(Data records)
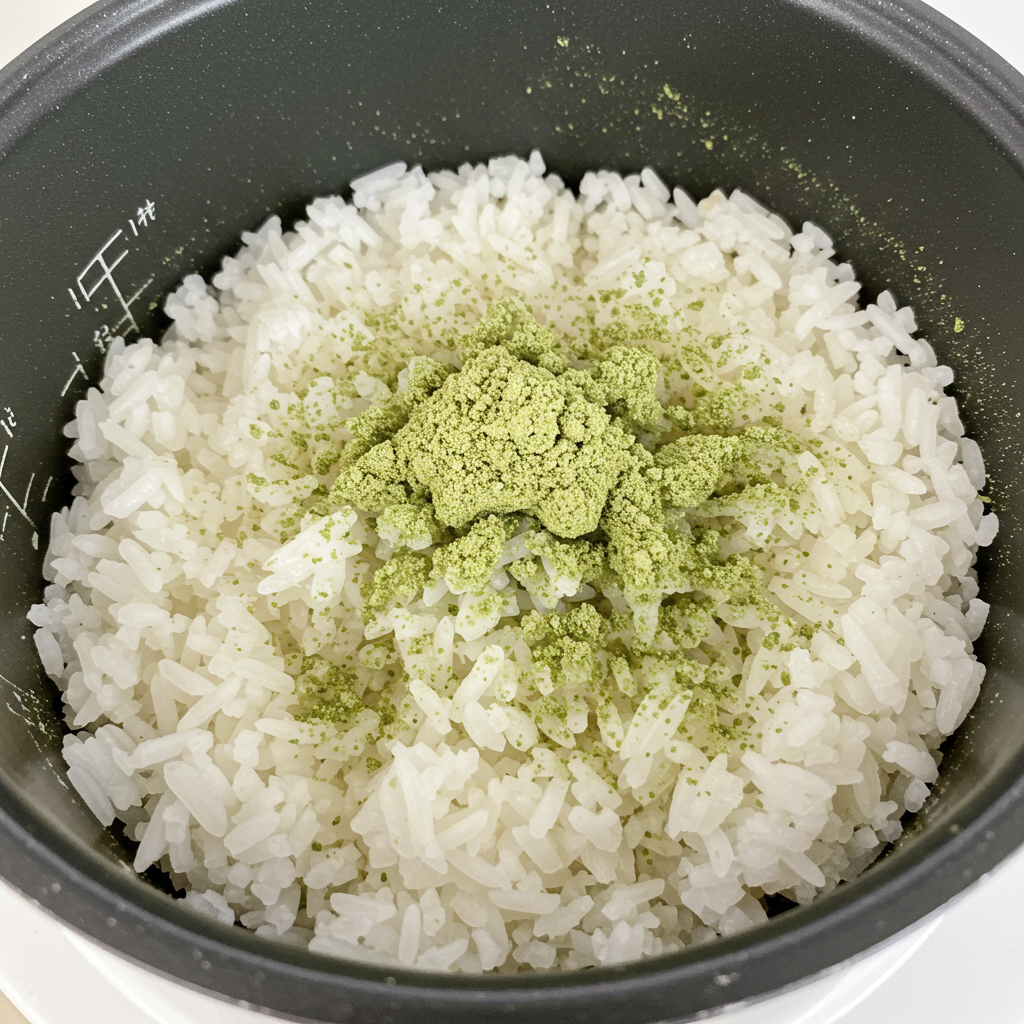 새싹보리 맛있게 먹기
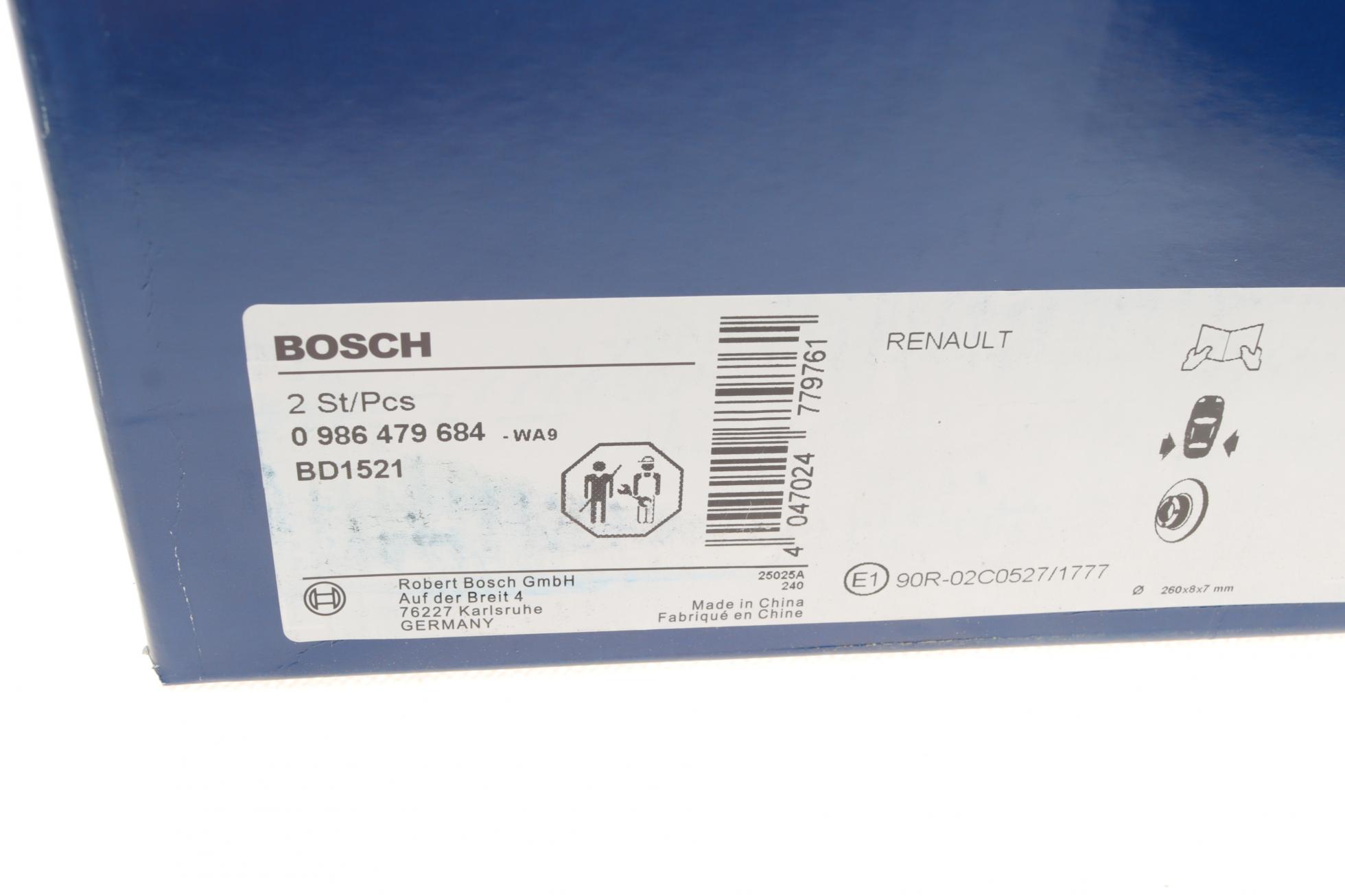 0986479684 BOSCH
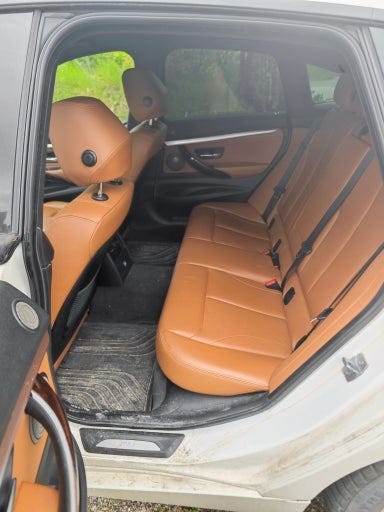 BMW 320d 2014 – bild 4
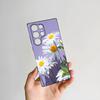 Flowers Phone Case For Samsung A25 A13 A33 5G A54 A36 A35 A56 A52 A14 Shockproof Soft Cover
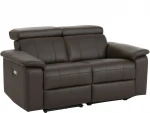 Dvivietė sofa Loft24 Tanaro, ruda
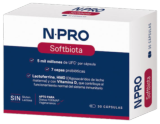 NPRO SOFTBIOTA 30 caps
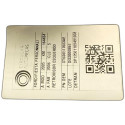 RETROVISOR ESQUERDO FORD FIESTA PERSONNALITÉ 1.0 05/06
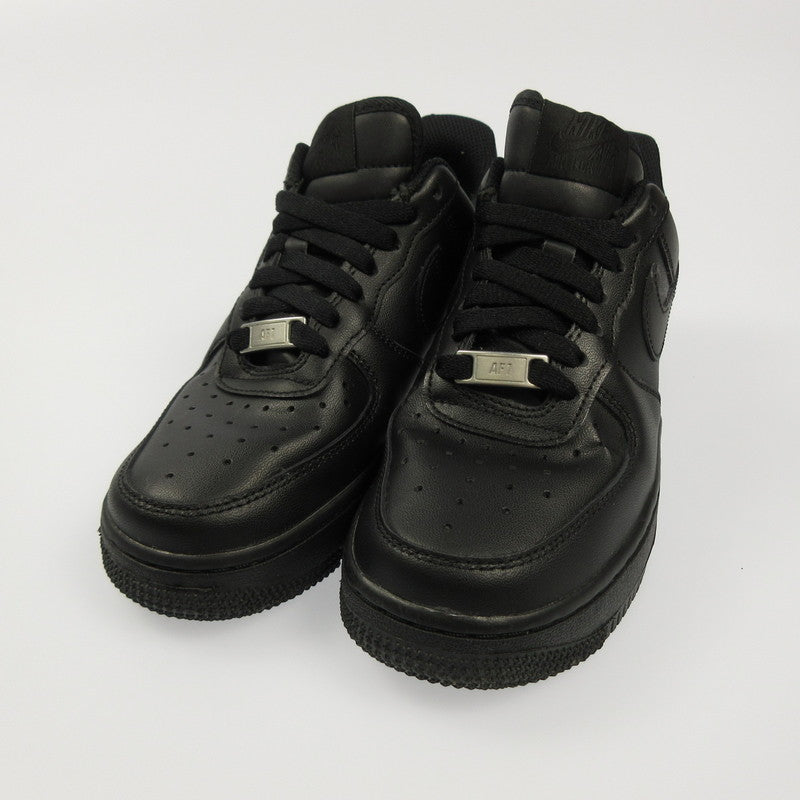 NIKE | ナイキ W AIR FORCE 1 '07 スニーカー DD8959-001 サイズ:23.0cm ブラック 23cm【姫路東店】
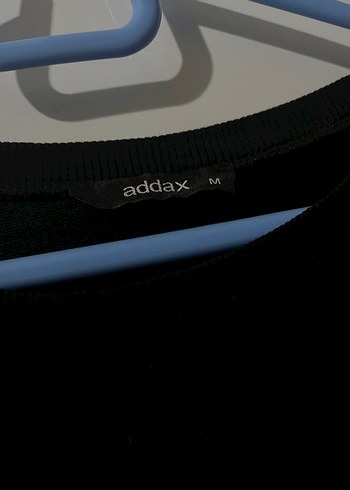 Siyah Kadın Midi Salaş elbise - Görsel 2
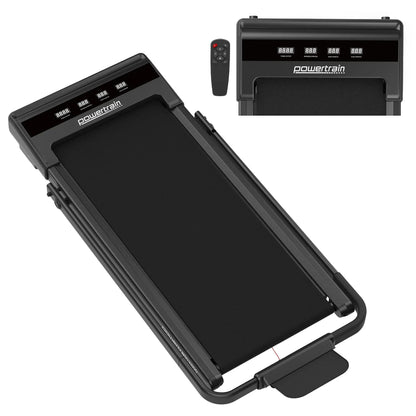 Powertrain K500 Walking Pad Treadmill 2 in 1 Foldable Walking & Running Machine w/2.5HP Motor Dual LED Displays 2 Level - Image 3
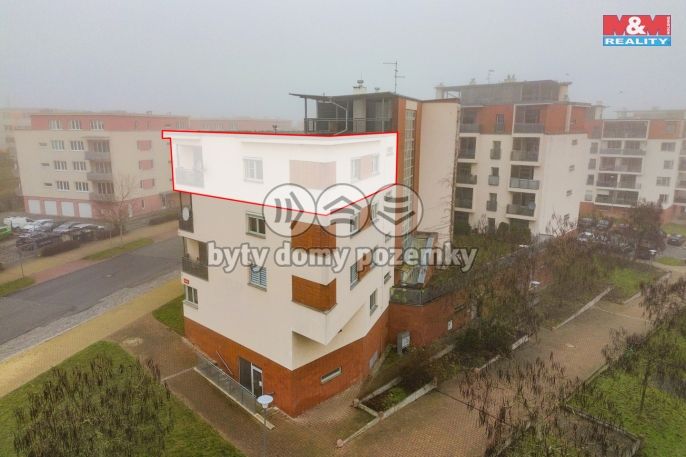 Pronájem, Byt 3+kk, Plzeň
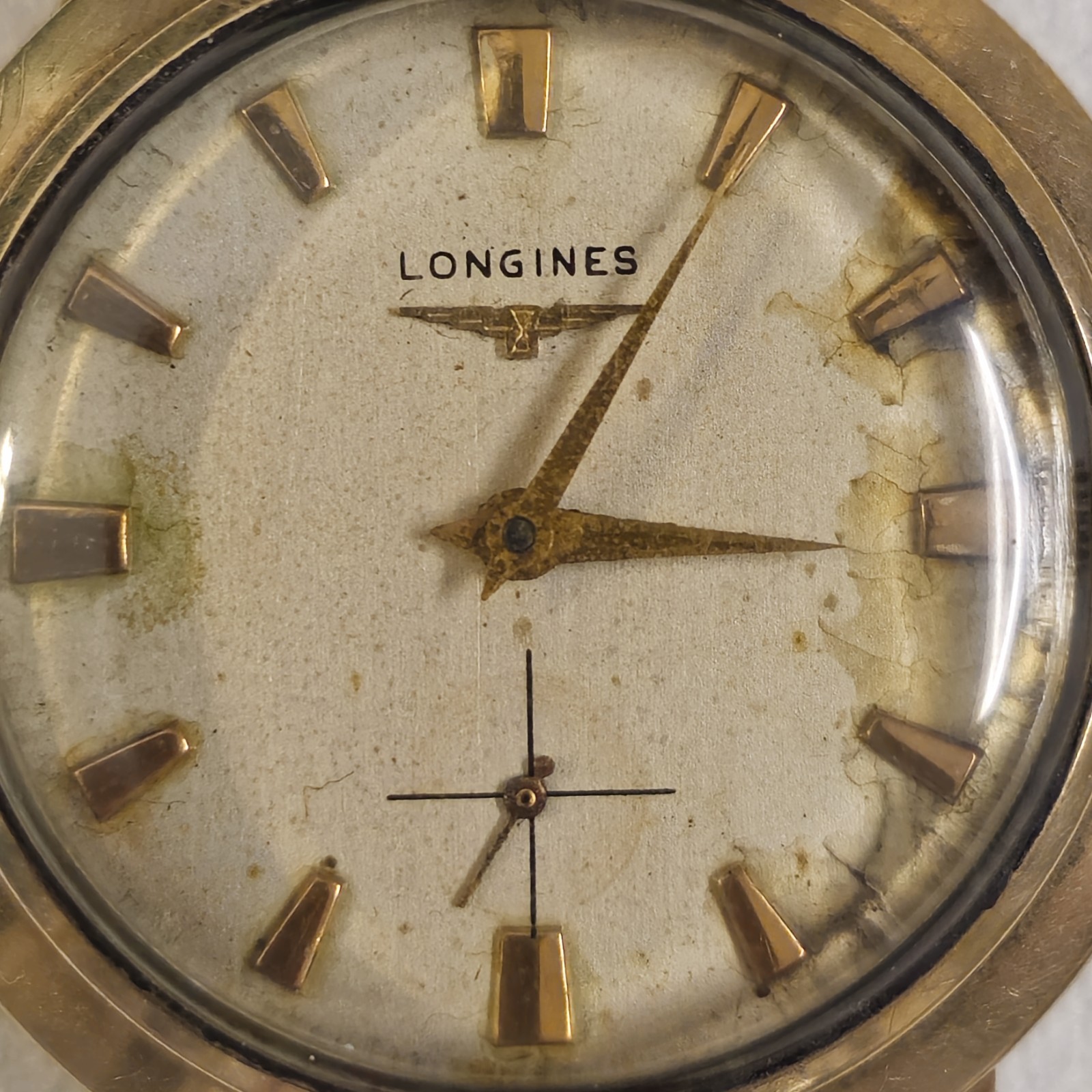 1954 Longines-Wittnauer Cal. 23Z 10K GF – Runs(2min Off In 24hrs)+ Leather Strap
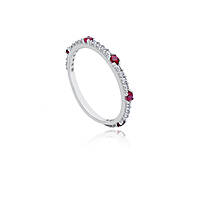 anello donna gioielli GioiaPura Oro 750 GP-S251406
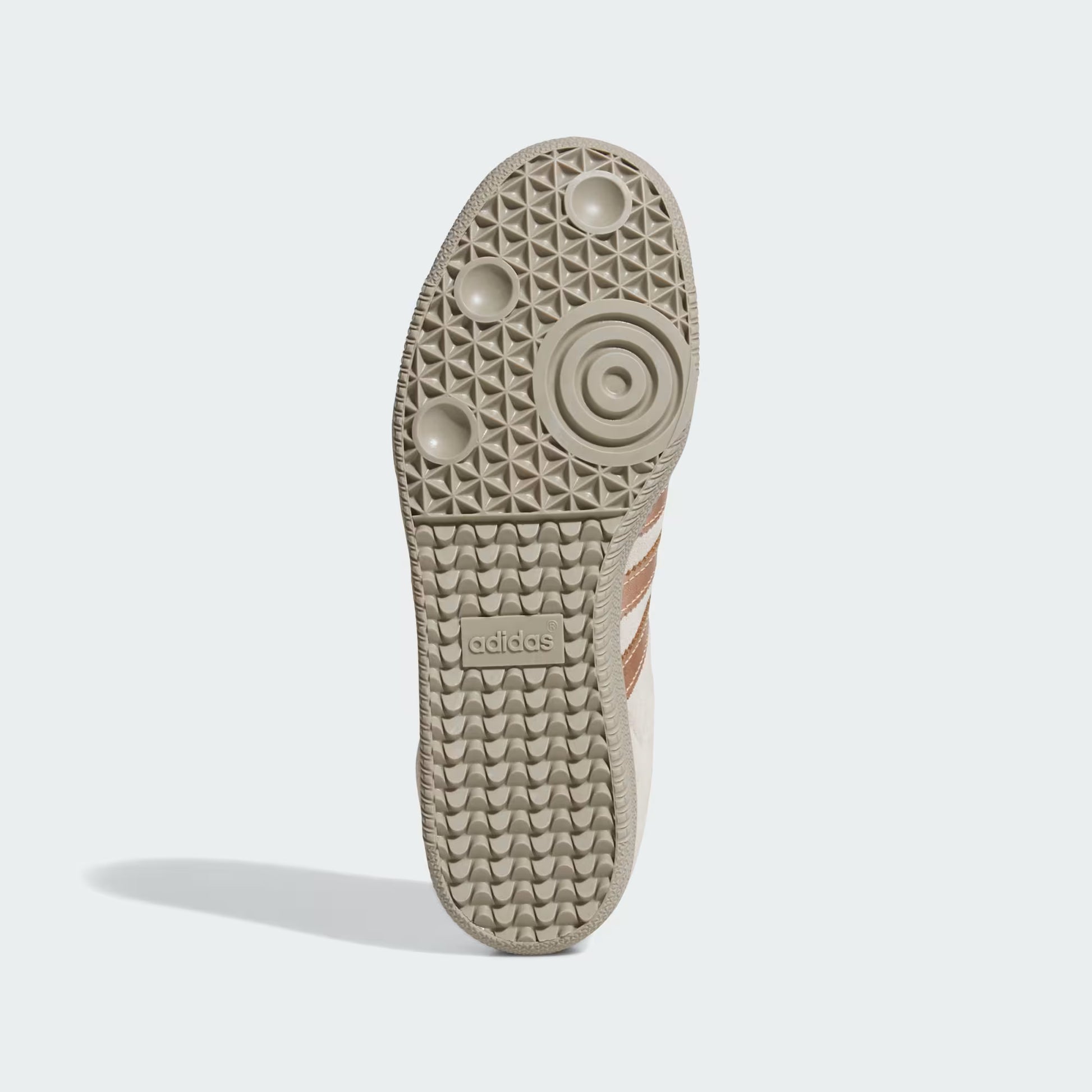 Women's Adidas Samba OG - Off White / Copper Metallic / Putty Beige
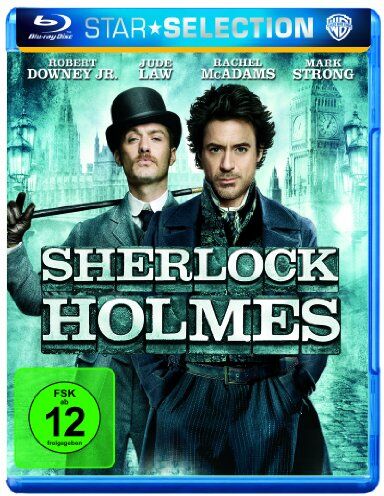 Guy Ritchie - Sherlock Holmes [Blu-ray] - Preis vom 09.10.2026 07:28:09 h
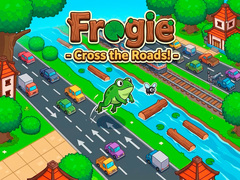խաղ Frogie - Cross the Roads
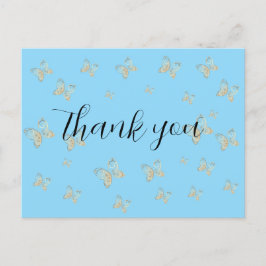 飛んでいる蝶自然 ポストカード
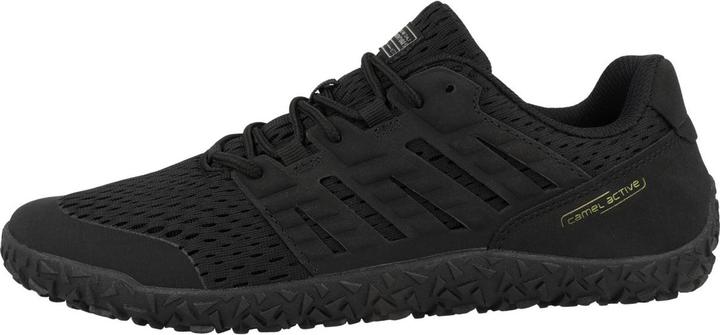 Produktbild Camel Active Sneaker textile/synthetic SCHWARZ (42)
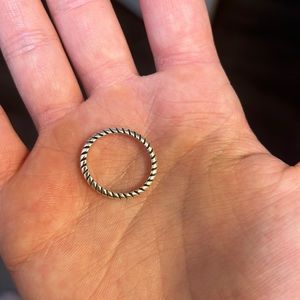 James Avery Twisted Wire Ring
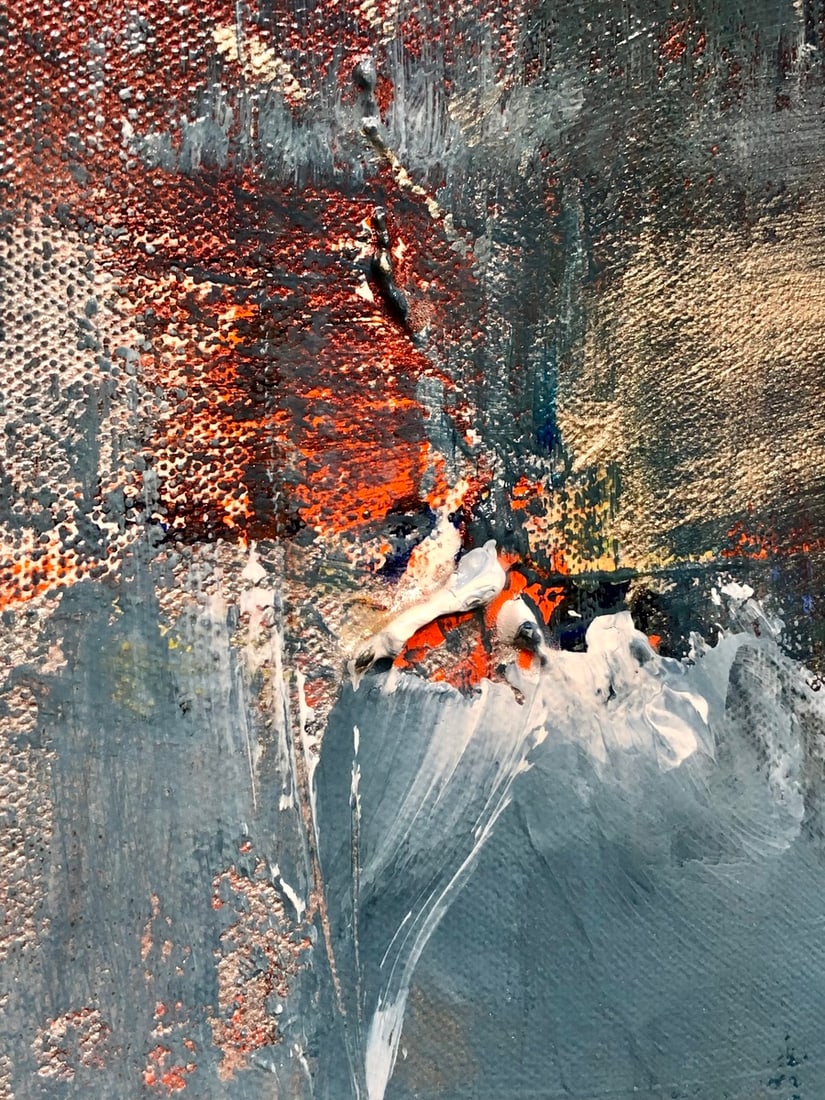 Jorn Fox Abstract Signed Original - 4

■ **TASK DIRECTIONS**
What is needed is an exact restatement of every line from the one containing "BMW 320d 2014 – bild 4" through the last line of the records, pictures left out.

■ **RESULT FOR THIS EXERCISE**
 BMW 320d 2014 – bild 4
 Flowers Phone Case For Samsung A25 A13 A33 5G A54 A36 A35 A56 A52 A14 Shockproof Soft Cover
 Dvivietė sofa Loft24 Tanaro, ruda
 NPRO SOFTBIOTA 30 caps
 RETROVISOR ESQUERDO FORD FIESTA PERSONNALITÉ 1.0 05/06
 NIKE | ナイキ W AIR FORCE 1 '07 スニーカー DD8959-001 サイズ:23.0cm ブラック 23cm【姫路東店】
 Siyah Kadın Midi Salaş elbise - Görsel 2
 Powertrain K500 Walking Pad Treadmill 2 in 1 Foldable Walking & Running Machine w/2.5HP Motor Dual LED Displays 2 Level - Image 3
 Pronájem, Byt 3+kk, Plzeň
 1954 Longines-Wittnauer Cal. 23Z 10K GF – Runs(2min Off In 24hrs)+ Leather Strap
 anello donna gioielli GioiaPura Oro 750 GP-S251406
 Women's Adidas Samba OG - Off White / Copper Metallic / Putty Beige
 Guy Ritchie - Sherlock Holmes [Blu-ray] - Preis vom 09.10.2026 07:28:09 h
խաղ Frogie - Cross the Roads
 飛んでいる蝶自然 ポストカード
 Produktbild Camel Active Sneaker textile/synthetic SCHWARZ (42)
 James Avery Twisted Wire Ring
 Jorn Fox Abstract Signed Original - 4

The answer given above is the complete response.